The clocks were striking thirteen
It was a bright cold day in April, and the clocks were striking thirteen.
George Orwell
For some reason today has had a surreal feel to it. One where I have talked to so many people in the digital sphere that I don't know if I am slipping into an unreal life. I've noticed that if I am on the computer so long, I begin to see the world's veil thin around me.
It was never too thick in my humble opinion. When I was in my twenties, a friend said that if she looked into a mirror surface, she could see a man stand behind me. The man followed me every where. At the time I was creeped out. Today, I would ask for a description of the man and then I would talk to him while I am cleaning my house. I don't have the mind to hold such a conversation when I am writing. I'm pretty one-track when it comes to getting the black marks onto the page.

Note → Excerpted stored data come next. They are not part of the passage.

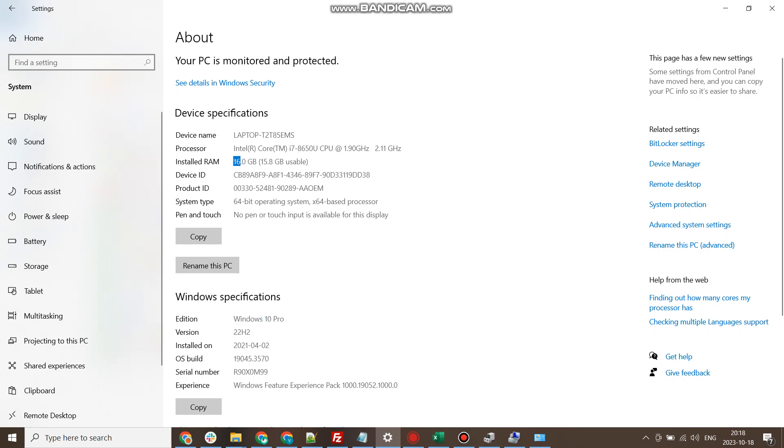By default, any computer will have a device name. If you haven't customized your device name, then it will be a default one. If it is customized, then this area will display your custom device name.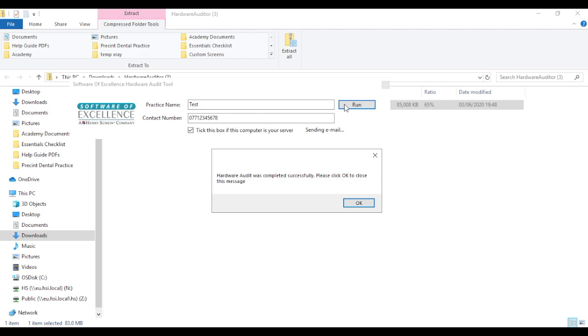Once it has been completed, this message will appear on the screen. Click OK to close this message.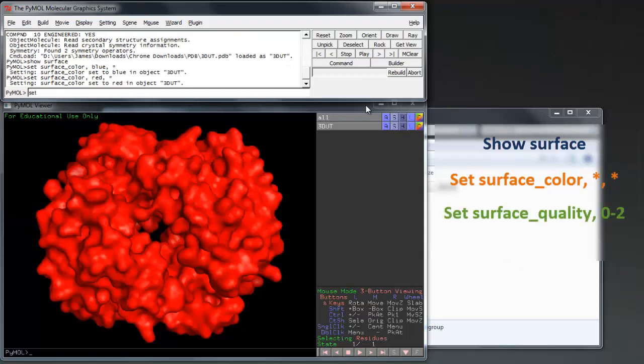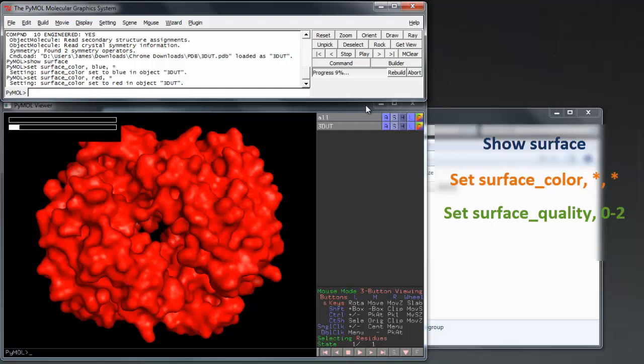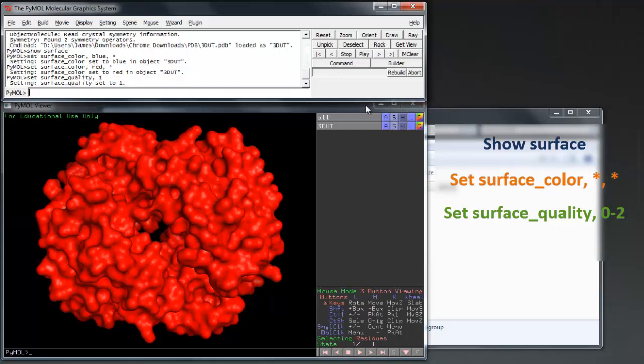Improve the quality of the surface by set surface quality 0 to 2. I recommend 1 unless you have a very powerful PC, as there is little difference between 1 and 2 as shown on the screen.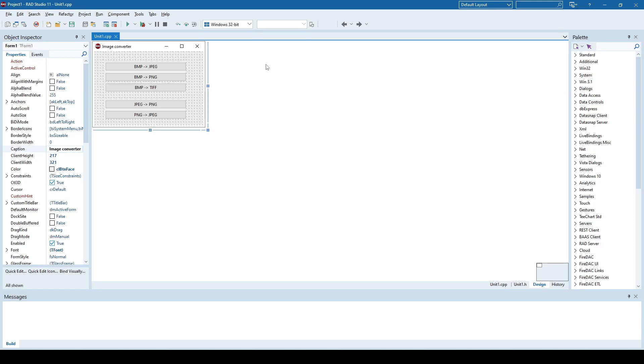Hello again, and here we are with another video. This time we're going to see how to create an application that can convert various image types, for example bitmap to JPEG or to PNG, TIFF, or JPEG to PNG or in reverse.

When I learned a little physics and realized that everything including sound, color, and physicality were just frequencies, I began to slip into the hidden slits and hollows of my life. It is why I can write fiction, I think.
If my eyes weren't closed, I could believe that I was dreaming. The clock in my head strikes thirteen. There were so many times that I should have slipped from this skin and gone to the next world. I think and possibly feel, that I haven't because I still have debts and obligations here.
The biggest debt is to my dog companion.
The next debt is to my late-husband. He wanted me to live. He wanted me to write. Sadly I have not written as much as I could or lived as much as I should.
At the last strike, I sip the wine and believe that one day my words will help someone else.